I am tired of wrestling, personally. Unfortunately in the case of wrestling my body and spirit are both willing and weak. That’s a bad combination. Maybe it’s time to surrender and just rest in the knowledge that the one thing that has really changed is my own awareness of my limitations. Again, I don’t think that is so bad, really. I would rather look like a fool to those who are proud, by admitting that I am limited, than proving myself a fool to everyone by insisting that my limitations have limitations.

An update on the Hooah Gang!

I finally heard from Bryan, and I talked with Mike not once, not twice, but about 5 times this weekend! Well, we didn’t actually get to finish any of our conversations yesterday. Our phone calls kept getting dropped. So, even though we had 5 different phone calls they all seemed to serve as a lesson in frustration. This morning he called back and the lines were clear and they held through the duration of the call! Yeah!

So, my first update on Bryan: How does a man who is inching toward 41 do in BCT? So far he is holding his own and doing quite well! They are now out of “total control” and he is starting to get an hour of free time in the evenings. He said that he does have a nickname, only it is not the nickname that everyone told him he would be given.

The recruiters and all of our military family and friends told him that he would be called “Pops.” He is actually being called “Father Time!” He thinks it an absolute riot! He said it also kills some of the younger guys because the one guy in their platoon who is older than dirt can do more push-ups faster than they can! It was wonderful hearing from him.

It is hard those first few weeks because it feels as if they have fallen off he face of the earth. Contact is so limited and you have no idea what is going on. When Mike was in BCT he was in Charlie Rock Company. The Company Sgt. did a wonderful job and put up a website where he published pictures each week of the training. It really helped to see pictures of Mike and what he was up to. It really alleviates some of the anxiety and the longing to see the person in BCT.
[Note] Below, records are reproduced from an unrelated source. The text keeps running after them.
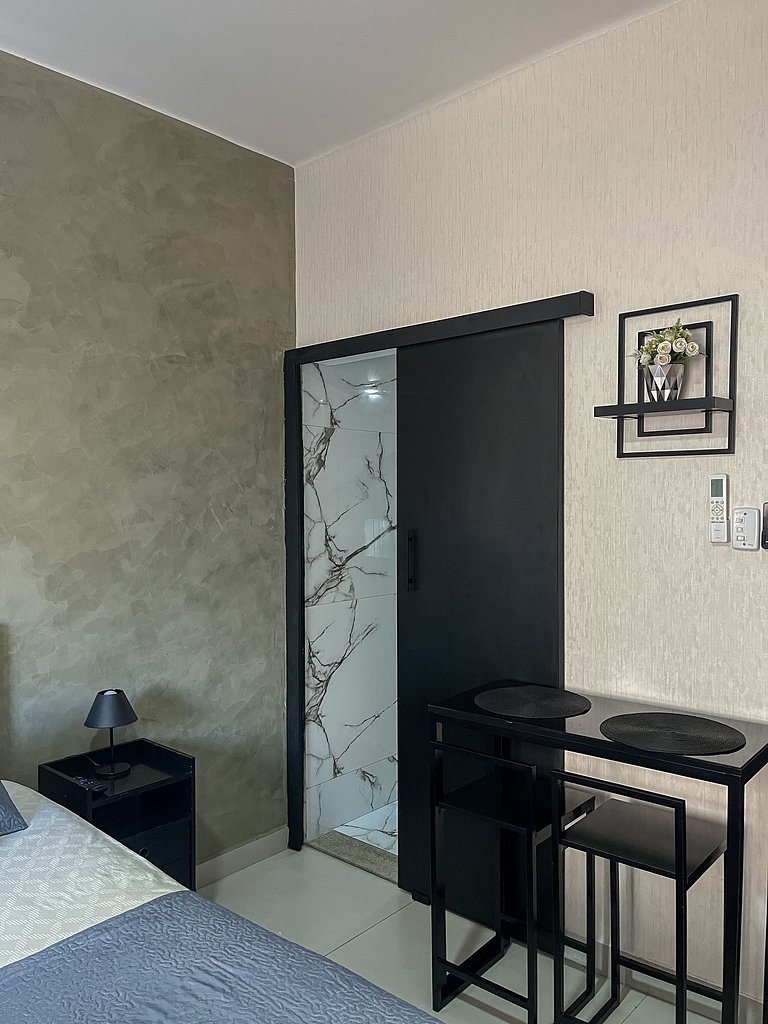Apartamento Moderno na praia de Copacabana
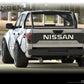 Pandem Aero - Nissan Titan Full Widebody Aero Kit without Wing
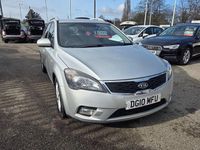 Used Kia Ceed Sportswagon 89 HP (65 kW) 2010 Estate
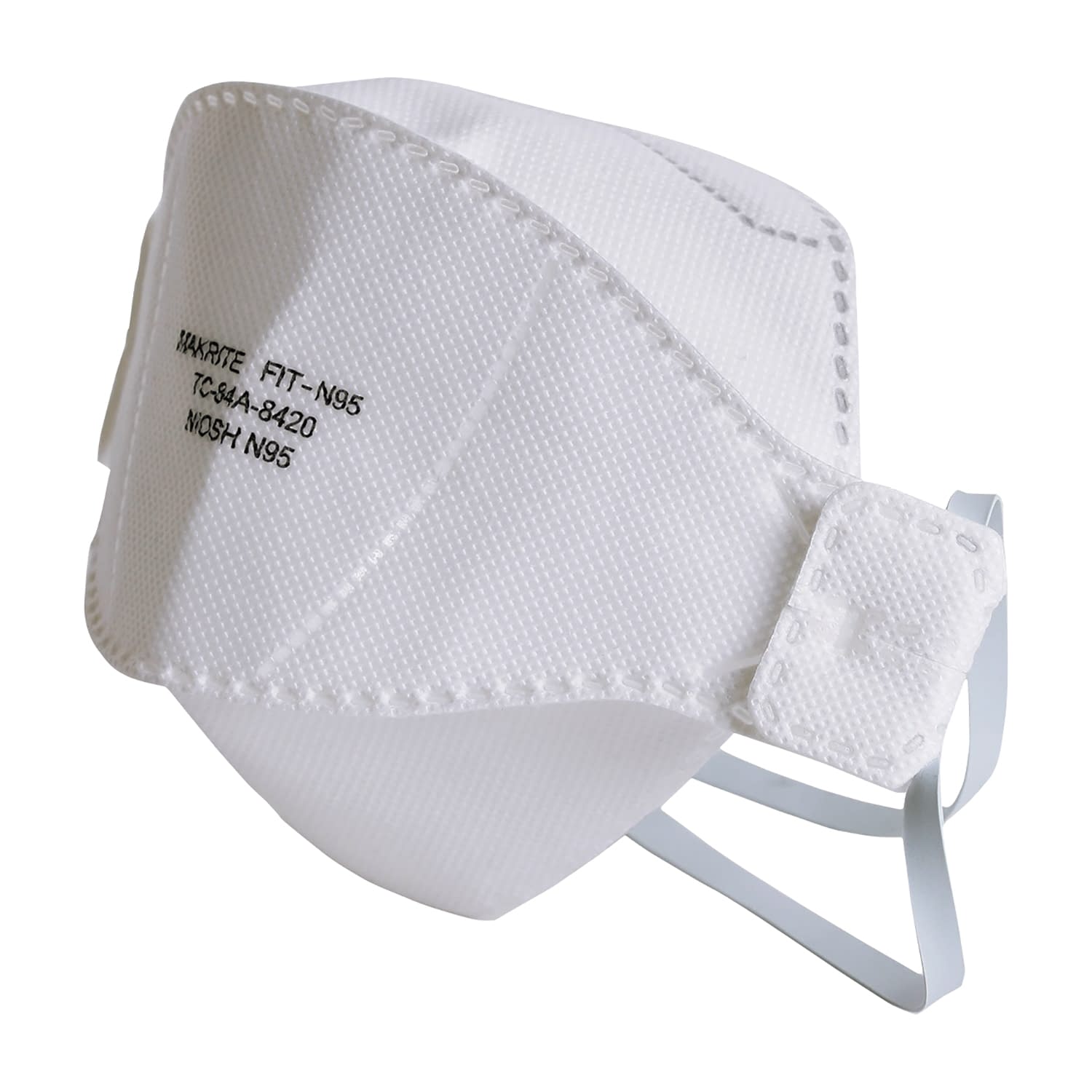 三面立体N－95マスク 標準 25-6883-00 アイテックス AM-N95T(30マイ)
As for Mike… he is doing well too. He told me this morning when we actually got to hold a conversation that he has no real concept of time. The missions they run are at weird hours, and go on for days. When he is out working he really misses the day changes because they are so focused on what they are doing. He said he can’t believe that even with the surge and the extension that he only has one year left — implying that time is actually going by fast for him. I am glad that it is becoming a blur for him. He sounded really upbeat this morning. He has 3 days off in a row (his Company’s 2 days off and his Platoon’s 1 day off worked out to happen consecutively). His spirits sound high, his outlook positive and he was having a really good day. That, in turn, makes my morning feel all the better.

Until Mike and Bryan are home I can’t help but jump with excitement when the phone rings (sometimes a jump of anxiety when there is a lot going on in Baghdad), and look forward to seeing their handwriting on envelopes in the mail. I can’t wait to see them both again!